Certainly, uniting all staff under one roof is probably going to ease collaboration and may allow a sense of community to flourish. Maybe staff will even appreciate occupying an iconic building.
Still, buildings with big voids in the middle are wasting a great opportunity, i.e. the opportunity of creating a centre within the building, a hub for staff to get together. What people at Apple are soon going to realise once the project is built, everyone has moved in and developed their everyday routines, is that distance will rule in the building.

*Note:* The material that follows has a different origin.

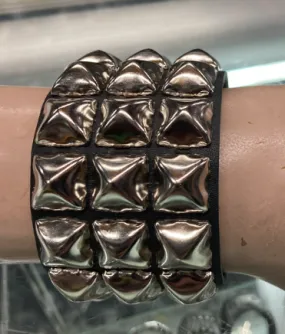 Black Leather Bracelet w/ 3 Rows of Silver Pyramid Studs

So why would distance matter that much? Research by Tom Allen from MIT in the 1960’s and 70’s has shown that the likelihood of frequent communication drops significantly when colleagues are seated more than 20 metres apart. This relationship between decreasing interaction with increasing distance has been confirmed in more recent studies (see my PhD on the Space-Organisation-Relationship). This is still valid in a time of electronically mediated communication, because we tend to email the same people frequently that we interact with intensively face-to-face.
Apart from the sheer scale of the building, two main design decisions create higher levels of distance than necessary. Firstly, the circular shape with a void in the centre, and secondly the design of a double circulation route on the outsides of the ring.
A long stretched design maximises distances between people, while a more compact built form allows for proximity and integration (as for instance, argued by Ermal Shpuza in his Phd). What is more, a void in the middle is the worst design choice to be made, since it means there is nothing, where there should be the heart of the building. Again, this creates depth instead of closeness, as Bill Hillier has shown in his book ‘Space is the Machine‘ (see page 235ff for the discussion of inaccessible blocks or voids in the centre of a configuration).
A quick visibility analysis of Apple’s new building using Space Syntax methodology confirms that this is going to be a building without a strong centre. As in a heat diagram, the analysis shows areas of integration in red and areas of segregation in blue. It is obvious from the image that there is no strong attractor and no centre in the building. The staff restaurant in the top right corner is the least integrated space, because the serving areas cut it off from the adjacent spaces. What is more, doubling up the main circulation into an inner ring and outer ring again creates depth and pulls people apart instead of bringing people together.
In summary, I doubt that this building will foster shared creativity and collaboration. Of course this can only be seen once the building is in use. Still, function and the likely impact of configuration on the emergence of social life seems to have been sacrificed for the wish to create an icon. Hopefully, it will at least look good from space.